Именно такой Татьяной я хотела бы быть, но виденное на сцене вводило в заблуждение, многолетние традиции и авторитеты знаменитых певиц сковывали волю, убивали инициативу. Все они были с хорошими голосами, но я хотела увидеть вокальный образ Татьяны в сценическом, зрительном воплощении. И дело даже не в том, что все эти певицы были старше меня — Галина Уланова танцевала Джульетту до пятидесяти трех лет, но более юной Джульетты я никогда больше не видела ни на экране, ни на драматической сцене, не говоря уже о балетной. Чтобы быть молодой на сцене, нужна внутренняя воздушность и трепетность — они придадут легкость движению, изящество — походке, целомудренность — взгляду, а самое главное — девическую звонкость голосу. Но мало просто понимать и чувствовать, надо еще технически воплотить все это и передать в зал. Вот для того и нужна особая техника пластики, жеста и мимики. И тут опыт, полученный мною до Большого театра, сослужил мне великую службу — он поставил меня в совсем иное положение, чем то, в котором находились актрисы моего амплуа. В течение восьми лет я привыкла появляться на сцене перед любой аудиторией, петь и танцевать для любого зрителя, чувствовать его, «пронимать» и волновать. Эстрада требовала от меня отточенности и точности жеста и движения, умения двумя-тремя легкими изменениями позы или движениями рук создать определенную картину, вызвать определенные эмоции у зрителя.
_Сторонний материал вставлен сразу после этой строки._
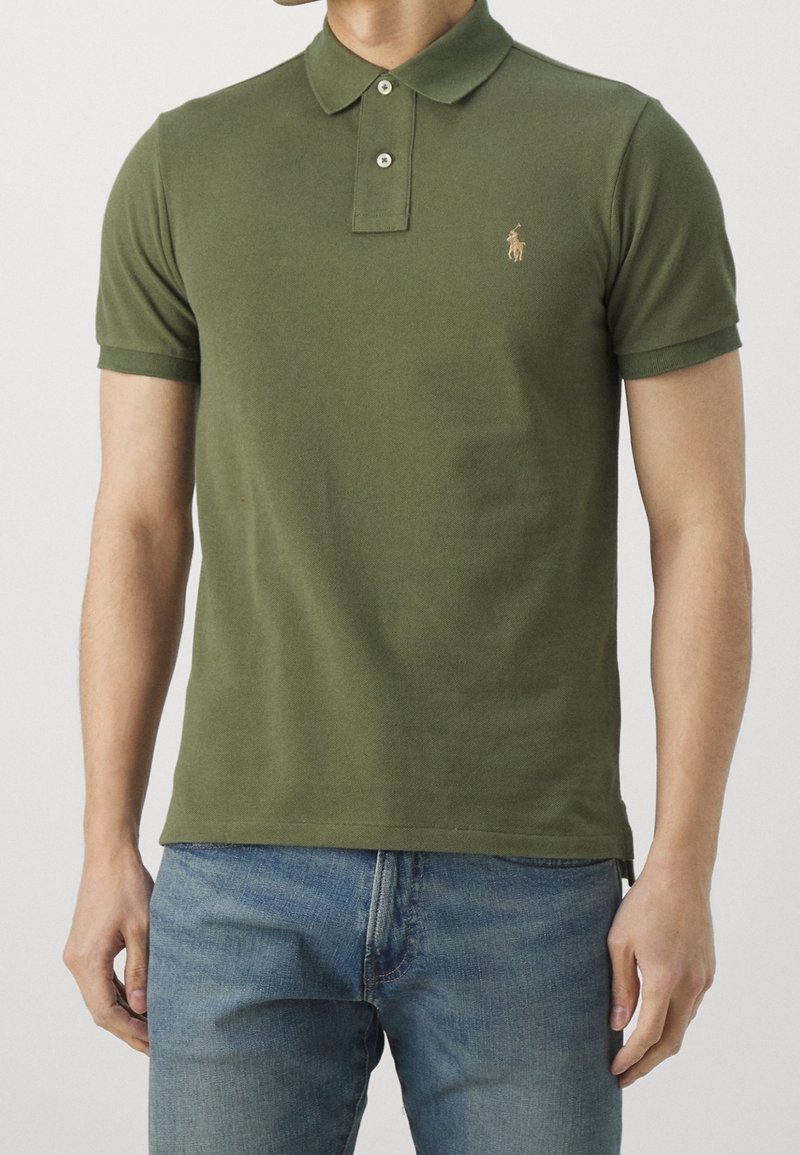 Polo shirt verde a maniche corte realizzato in cotone liscio. Presenta un colletto a punta e un piccolo logo ricamato sul petto. Design aderente.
Во время концерта, переключаясь из одной песни в другую, я успевала прожить несколько жизней. Эстрада — это всегда театр одного актера. Никакая консерватория научить этому не может. Молодые артисты, придя в оперу, тратят много лет на то, чтобы нащупать путь мастерства. Надо еще учитывать и тот факт, что выступают они вначале очень редко и на каждом спектакле сильно волнуются. Тут уж не до актерских высот — лишь бы чисто спеть, не сбиться, не дать «петуха». А когда приходит мастерство и зрелость — уже и карьера к концу. По старой поговорке: «Если б молодость да знала, если б старость да могла!»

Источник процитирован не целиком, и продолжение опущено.